→ **Task instructions**
The lines to extract run from the first line of the material below to the line containing "格子贝雷帽女春夏2025新款", both included; leave the pictures behind.

╭──

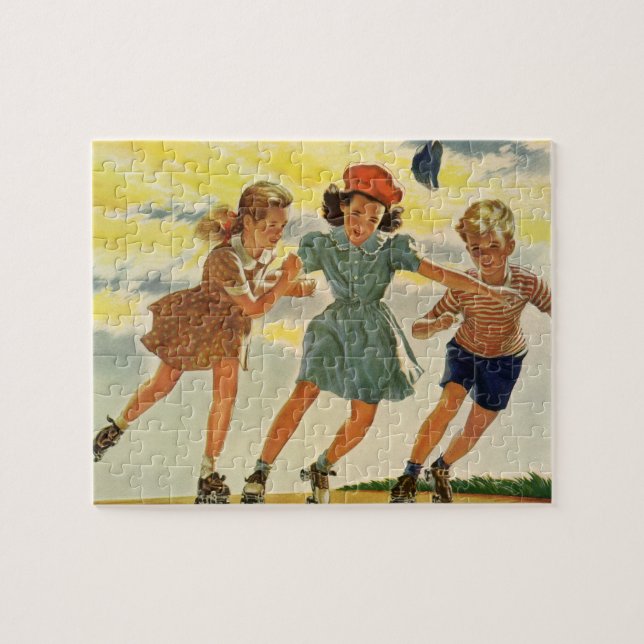 Vintag Roller Skaten Fun Children Boys and Girls (Horizontal)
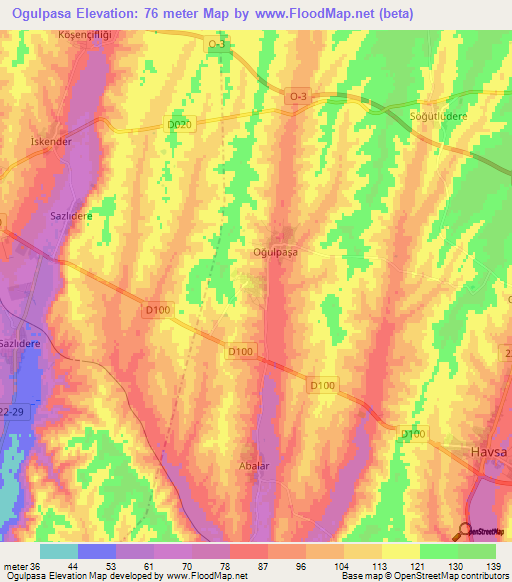 Ogulpasa,Turkey Elevation Map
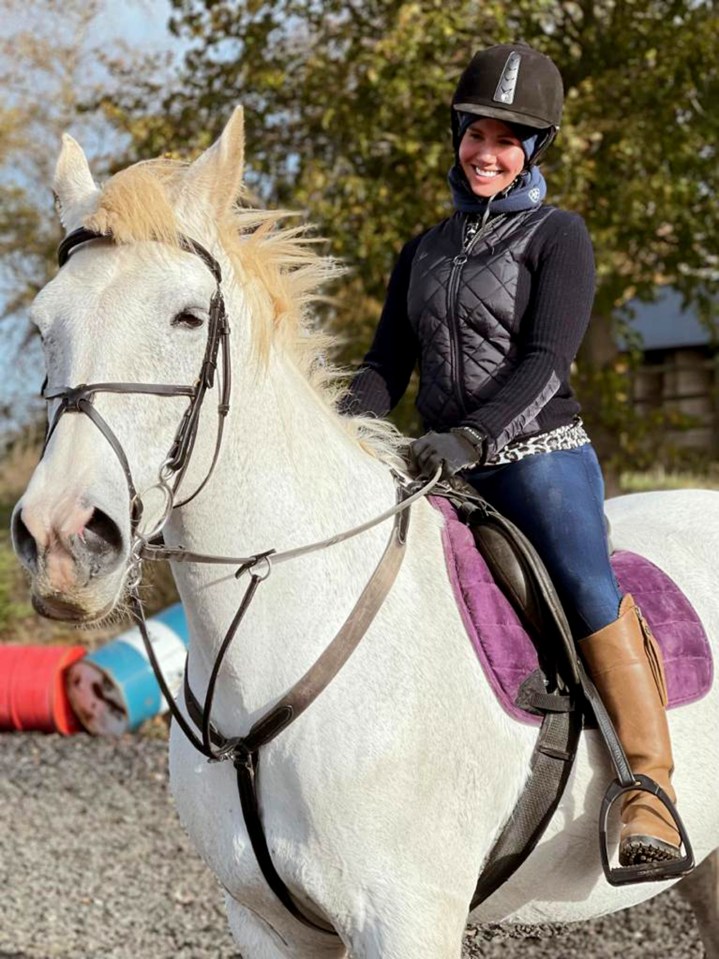 Becky, 40, pictured grinning out riding yesterday, is also said to be considering an appeal following her crushing defeat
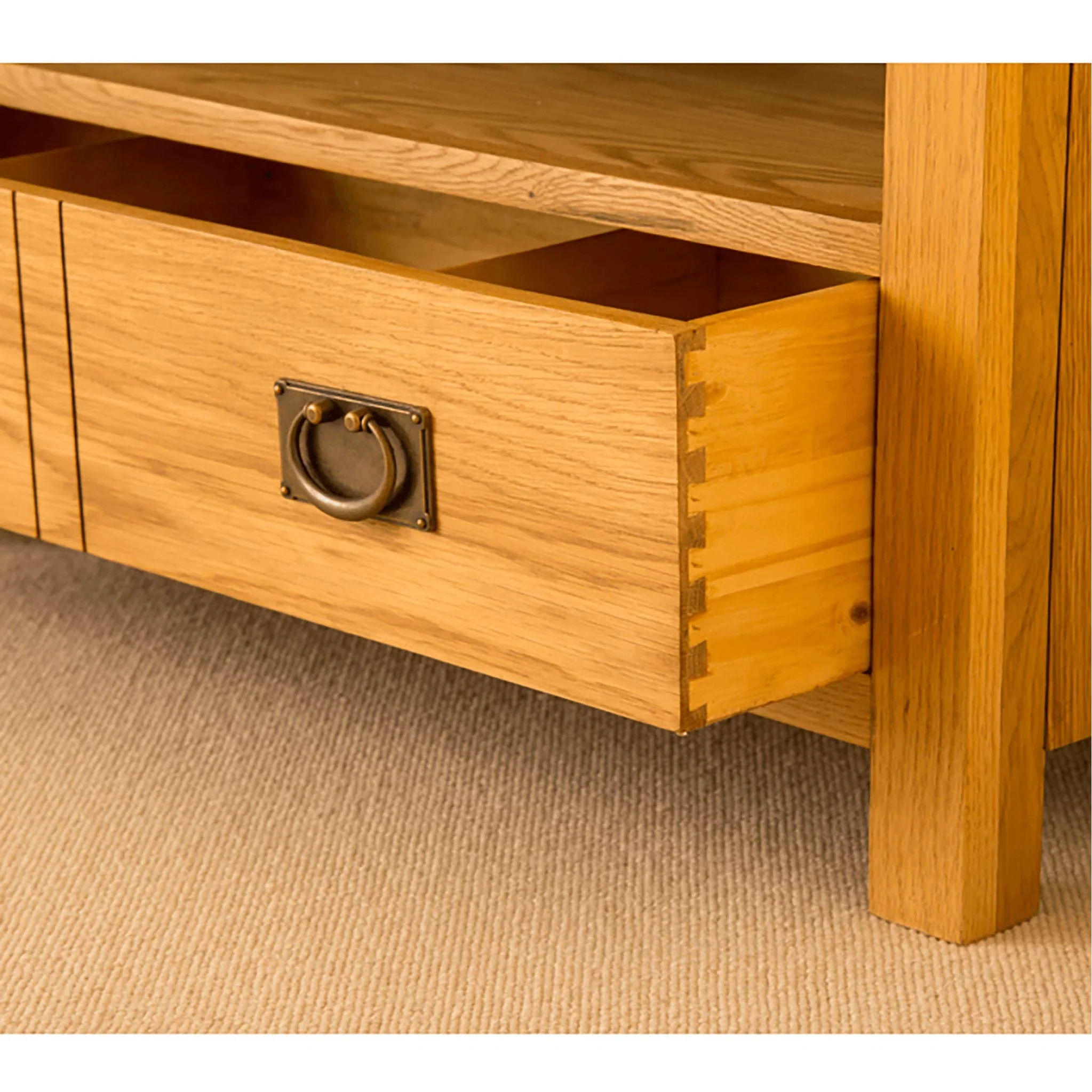 Lanner Oak Corner TV Stand - Image 6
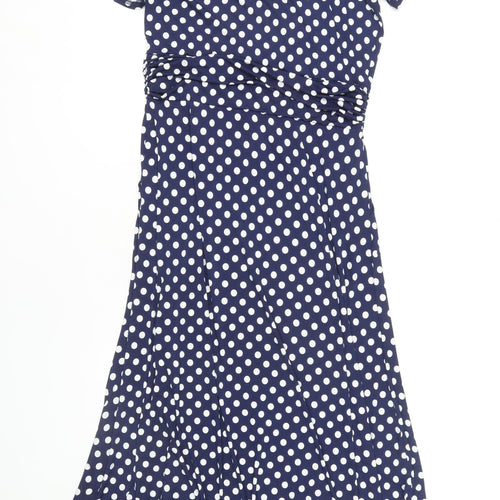 Onjenu Women's Blue Polka Dot Dress Size 16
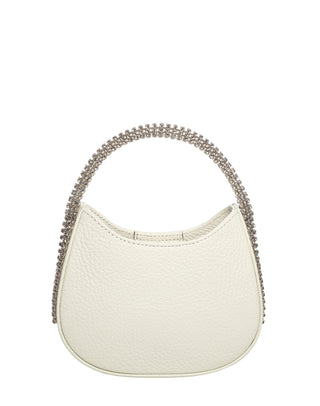 KODA Mini BAG - OFFWHITE LEATHER - BLACK STONES - SILVER CHAIN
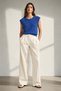 Cobalt Blue Back Slit Detailed Crew Neck 100% Cotton Women's Knitwear Blouse - 4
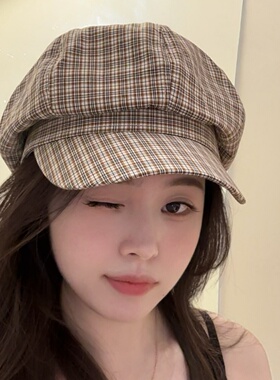 格子贝雷帽女春夏2025新款
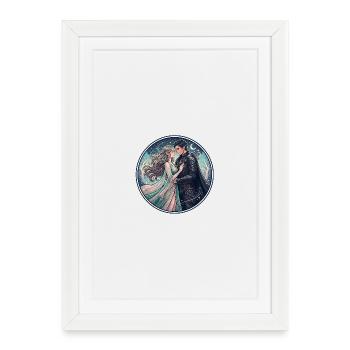 Moonlit Night Elf Love in the Star Forest - Framed poster (27 × 37 cm) - white - Front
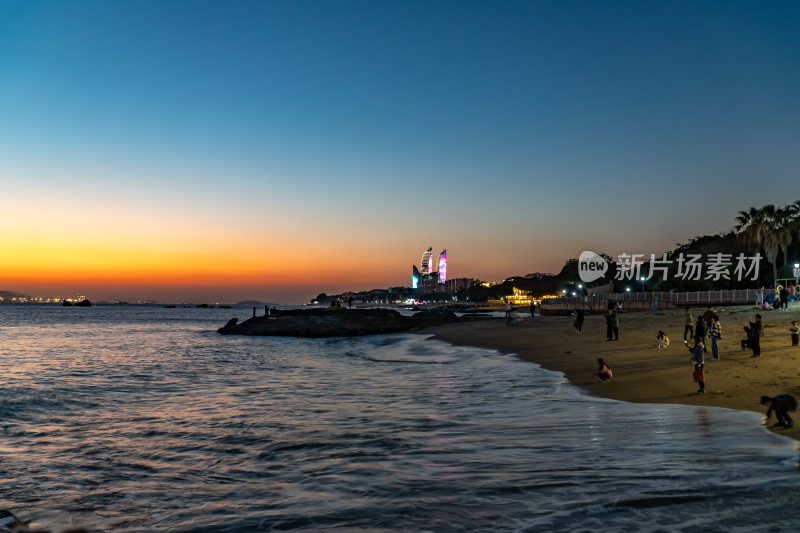 福建厦门海边夜景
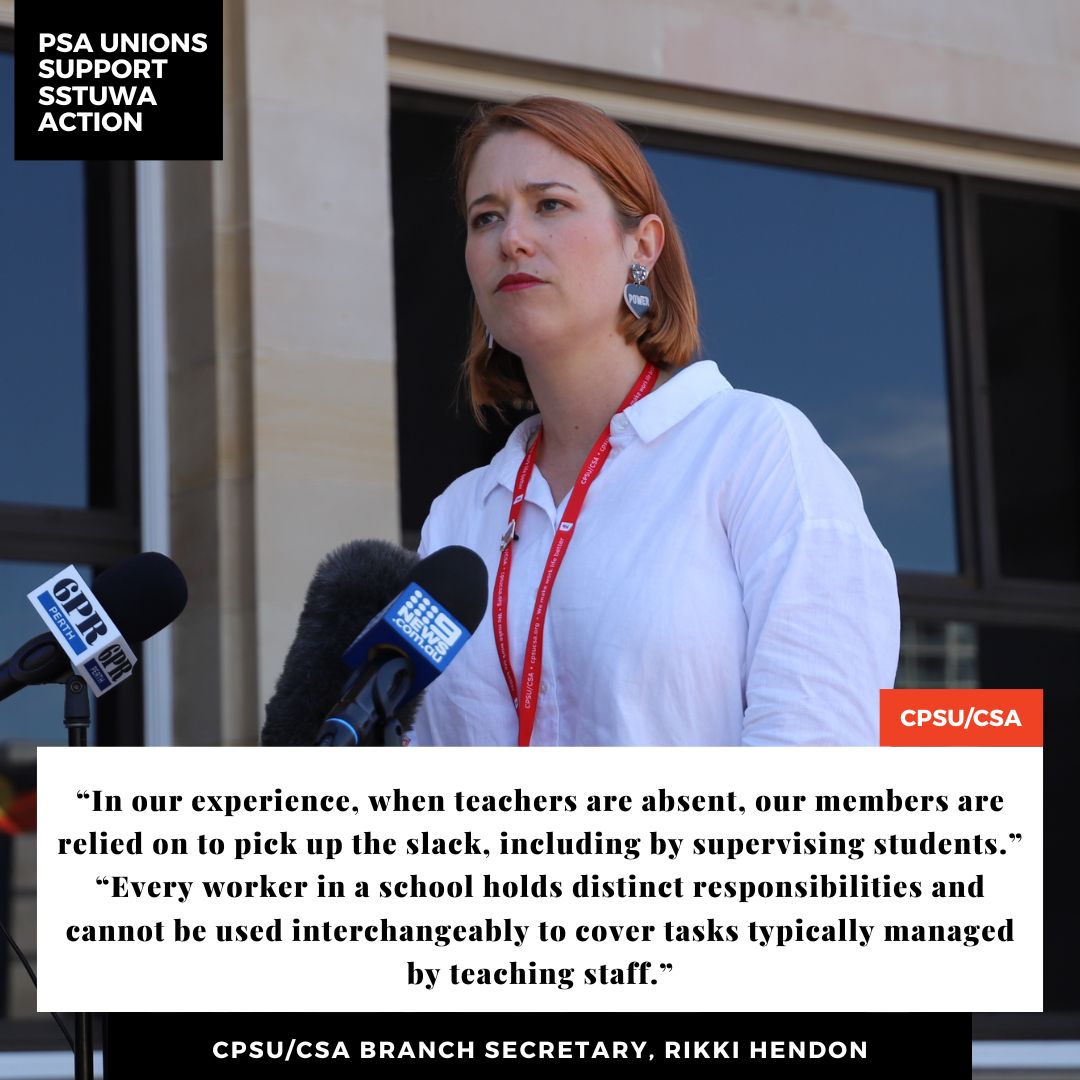 Leaders of WA public schools have been notified they should not expect to fall back on education assistants or other support staff to supervise students while teachers are out on strike next week. Full Article: thewest.com.au/news/education… #FixEd #PublicSectorAlliance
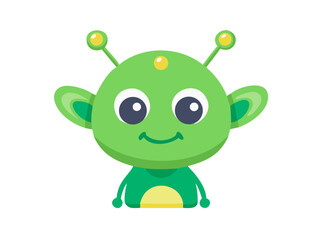 Naklejka premium Science fiction little green alien with child like features. vector icon 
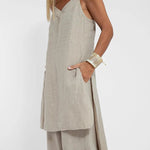 Women Casual Linen Strappy Two Set Suits
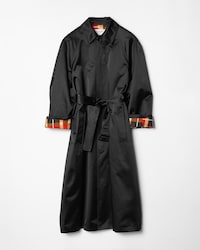 BALMACAAN-MANTEL AUS GEBONDETEM SATIN MIT MADRAS-FUTTER - SCHWARZ -  - 2 | CELINE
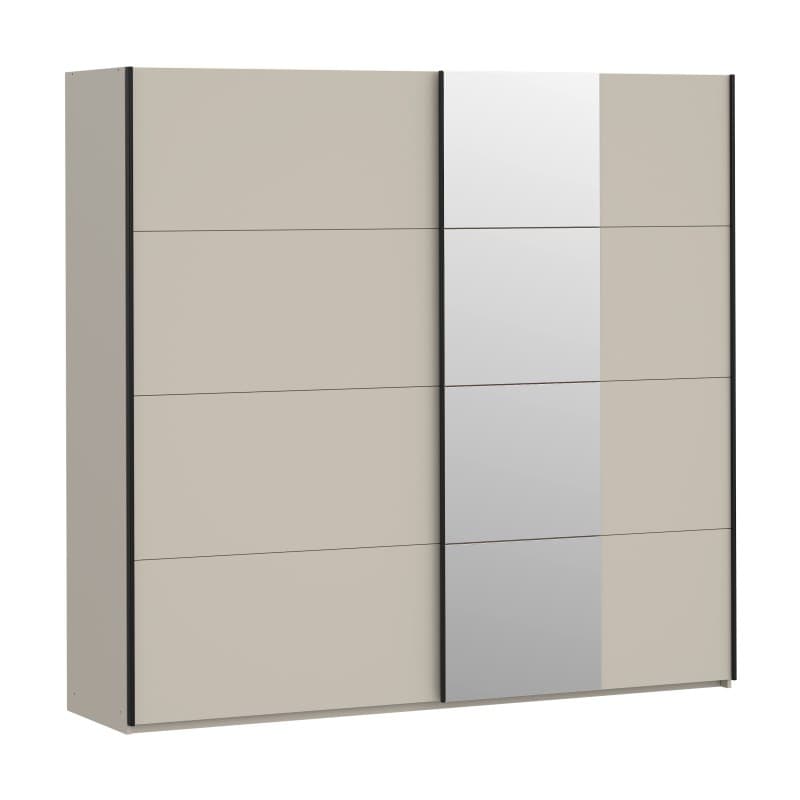 Schwebetürenschrank FRIESO- B ca. 220 cm, Sand, Spiegel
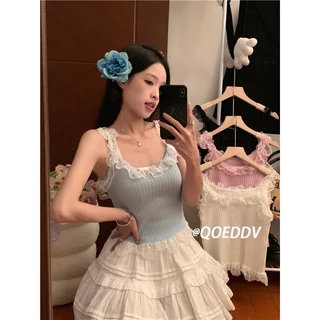 Áo vest yếm dệt kim cay cô gái mùa hè mới ren chắp vá mỏng vừa vặn croptop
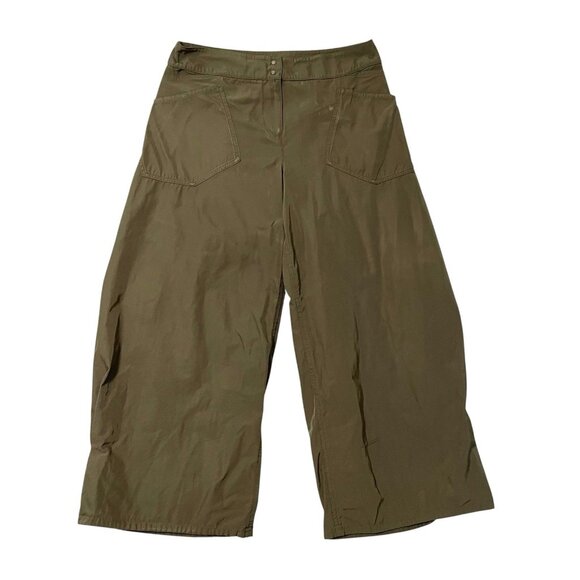 Babette Wide Leg Crepe Lantern Barrel-Leg Cropped Pant Lagenlook Green sz Small - Picture 1 of 11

╰──

→ **Result below**
 Vintag Roller Skaten Fun Children Boys and Girls (Horizontal)
 Ogulpasa,Turkey Elevation Map
 Becky, 40, pictured grinning out riding yesterday, is also said to be considering an appeal following her crushing defeat
 Lanner Oak Corner TV Stand - Image 6
 Onjenu Women's Blue Polka Dot Dress Size 16
 KODA Mini BAG - OFFWHITE LEATHER - BLACK STONES - SILVER CHAIN
 Cobalt Blue Back Slit Detailed Crew Neck 100% Cotton Women's Knitwear Blouse - 4
 格子贝雷帽女春夏2025新款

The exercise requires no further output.